Recently, attention mechanisms have been introduced to encoder-decoder neural frameworks in image captioning. Xu et al. [30] incorporate an attention mechanism to learn a latent alignment from scratch when generating corresponding words. [28, 34] utilize high-level concepts or attributes and inject them into a neural-based approach as semantic attention to enhance image captioning. Yang et al. [32] extend current attention encoder-decoder frameworks using a review network, which captures the global properties in a compact vector representation and are usable by the attention mechanism in the decoder. Yao et al. [33] present variants of architectures for augmenting high-level attributes from images to complement image representation for sentence generation.

To the best of our knowledge, ours is the first work to reason about when a model should attend to an image when generating a sequence of words.

5 Results

5.1 Experiment Settings

We experiment with two datasets: Flickr30k [35] and COCO [16].

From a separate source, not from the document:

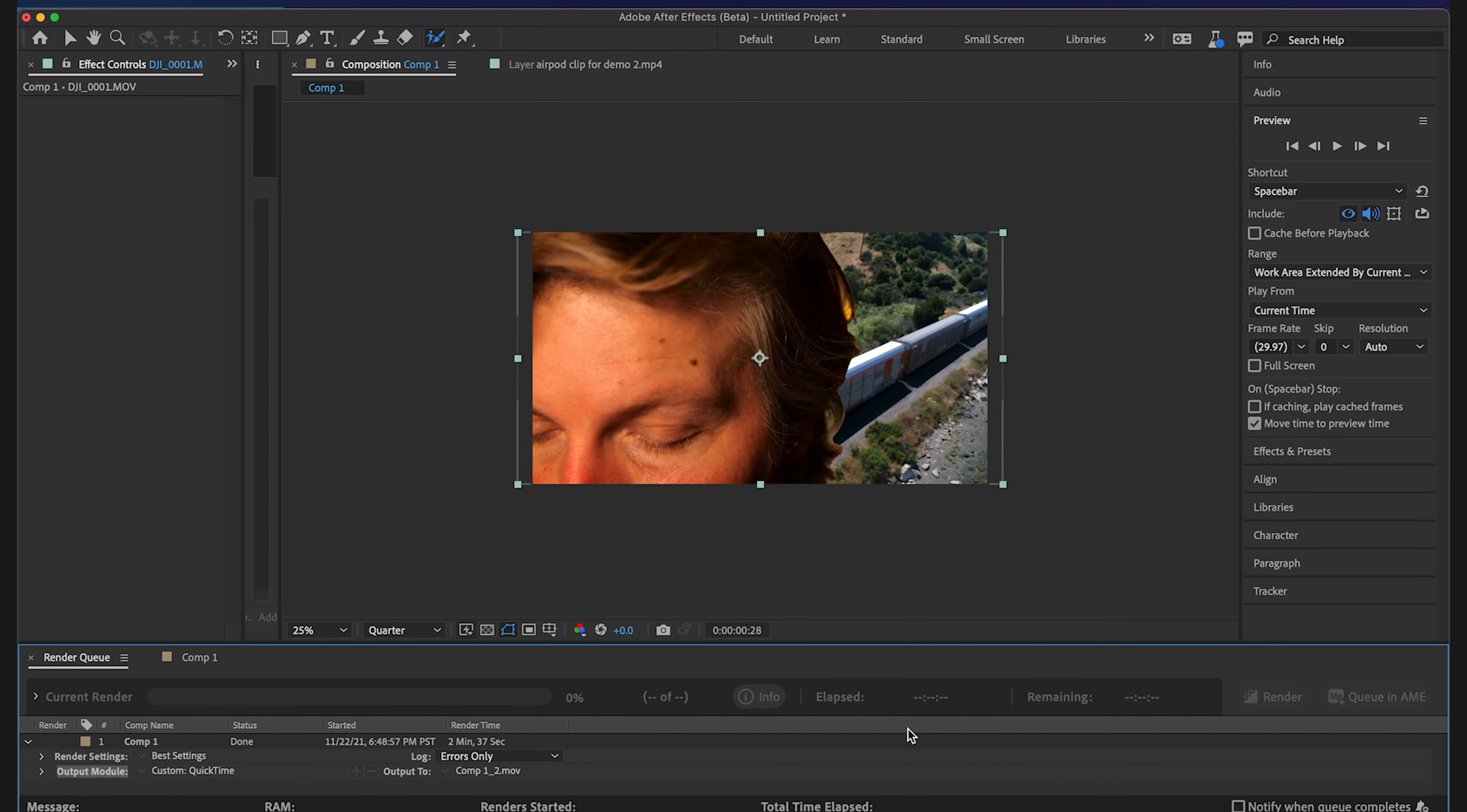Alright so that took two minutes and 37 seconds to export in ProRes 422. Not bad at all. Not bad at all. So I'm definitely enjoying this rotoscoping tool.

Flickr30k contains 31,783 images collected from Flickr. Most of these images depict humans performing various activities. Each image is paired with 5 crowd-sourced captions. We use the publicly available splits111 containing 1,000 images for validation and test each.

COCO is the largest image captioning dataset, containing 82,783, 40,504 and 40,775 images for training, validation and test respectively. This dataset is more challenging, since most images contain multiple objects in the context of complex scenes. Each image has 5 human annotated captions. For offline evaluation, we use the same data split as in [11, 30, 34] containing 5000 images for validation and test each. For online evaluation on the COCO evaluation server, we reserve 2000 images from validation for development and the rest for training.

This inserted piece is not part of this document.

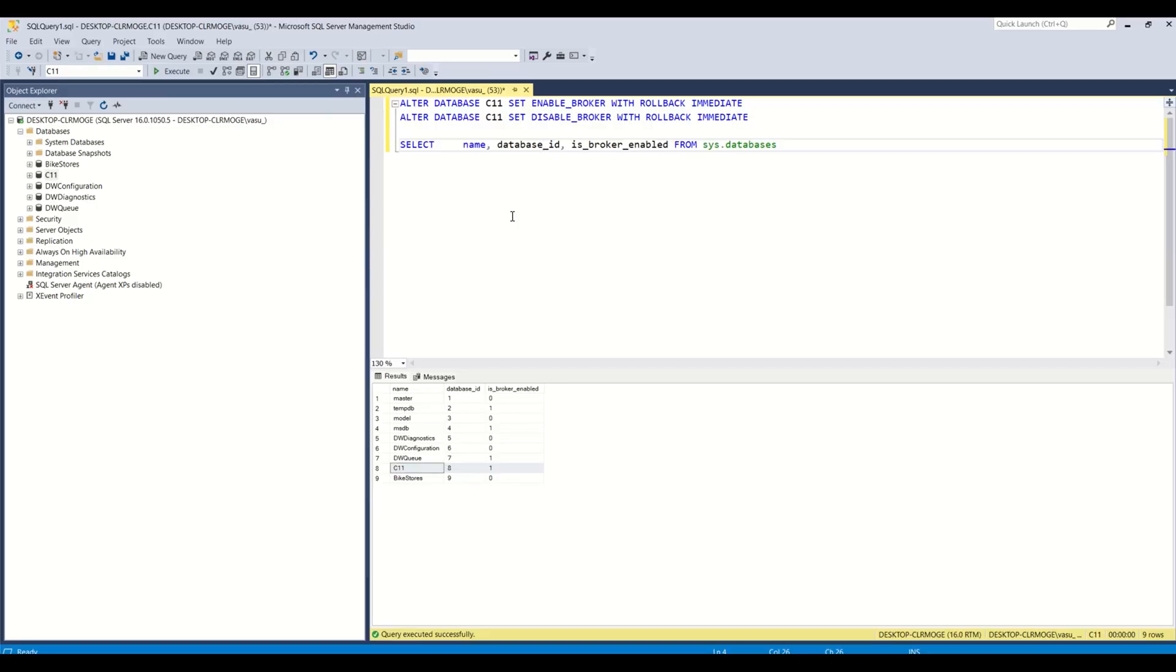Hello friends, welcome to channel 11. You might have heard about enabling or disabling broker service in your SQL server.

Pre-processing. We truncate captions longer than 18 words for COCO and 22 for Flickr30k. We then build a vocabulary of words that occur at least 5 and 3 times in the training set, resulting in 9567 and 7649 words for COCO and Flickr30k respectively.

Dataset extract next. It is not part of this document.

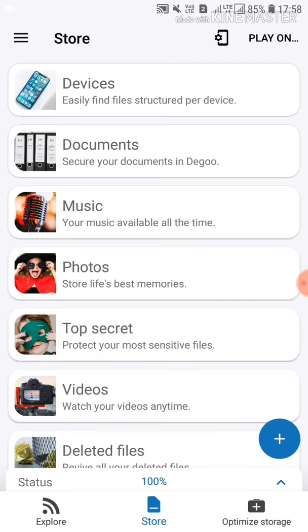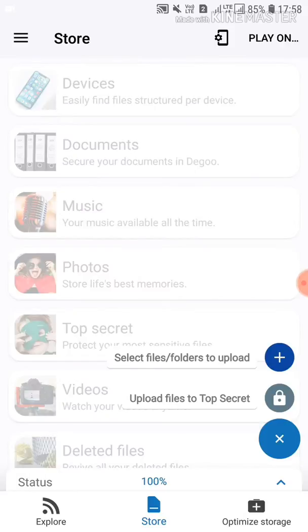You can store it. Click the plus symbol. Click the upload folder and select the file. Click the upload folder.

Compared Approaches: For offline evaluation on Flickr30k and COCO, we first compare our full model (Ours-Adaptive) with an ablated version (Ours-Spatial), which only performs the spatial attention. The goal of this comparison is to verify that our improvements are not the result of orthogonal contributions (e.g. better CNN features or better optimization). We further compare our method with DeepVS [11], Hard-Attention [30] and recently proposed ATT [34], ERD [32] and best performed method (LSTM-A) of MSM [33]. For online evaluation, we compare our method with Google NIC [27], MS Captivator [8], m-RNN [18], LRCN [7], Hard-Attention [30], ATT-FCN [34], ERD [32] and MSM [33].

a little girl sitting on a bench holding an umbrella. a herd of sheep grazing on a lush green hillside. a close up of a fire hydrant on a sidewalk.
a yellow plate topped with meat and broccoli. a zebra standing next to a zebra in a dirt field. a stainless steel oven in a kitchen with wood cabinets.
two birds sitting on top of a tree branch. an elephant standing next to rock wall. a man riding a bike down a road next to a body of water.
Figure 4: Visualization of generated captions and image attention maps on the COCO dataset. Different colors show a correspondence between attended regions and underlined words. First 2 columns are success cases, last columns are failure examples. Best viewed in color.

5.2 Quantitative Analysis

We report results using the COCO captioning evaluation tool [16], which reports the following metrics: BLEU [21], Meteor [5], Rouge-L [15] and CIDEr [26]. We also report results using the new metric SPICE [1], which was found to better correlate with human judgments.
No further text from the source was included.